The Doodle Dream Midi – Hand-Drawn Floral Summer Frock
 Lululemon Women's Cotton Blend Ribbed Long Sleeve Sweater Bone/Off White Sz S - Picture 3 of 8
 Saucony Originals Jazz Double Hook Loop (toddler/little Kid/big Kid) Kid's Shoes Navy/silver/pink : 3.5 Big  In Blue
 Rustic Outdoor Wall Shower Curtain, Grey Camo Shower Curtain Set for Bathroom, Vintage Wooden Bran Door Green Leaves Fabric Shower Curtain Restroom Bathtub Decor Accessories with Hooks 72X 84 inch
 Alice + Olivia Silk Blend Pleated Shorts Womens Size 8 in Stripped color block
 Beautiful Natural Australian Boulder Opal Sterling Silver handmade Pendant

——

## [ASSIGNMENT]
Lines holding "Blend": copy each one from the records above.

## [RESULT OF THE EXERCISE]
 Lululemon Women's Cotton Blend Ribbed Long Sleeve Sweater Bone/Off White Sz S - Picture 3 of 8
 Alice + Olivia Silk Blend Pleated Shorts Womens Size 8 in Stripped color block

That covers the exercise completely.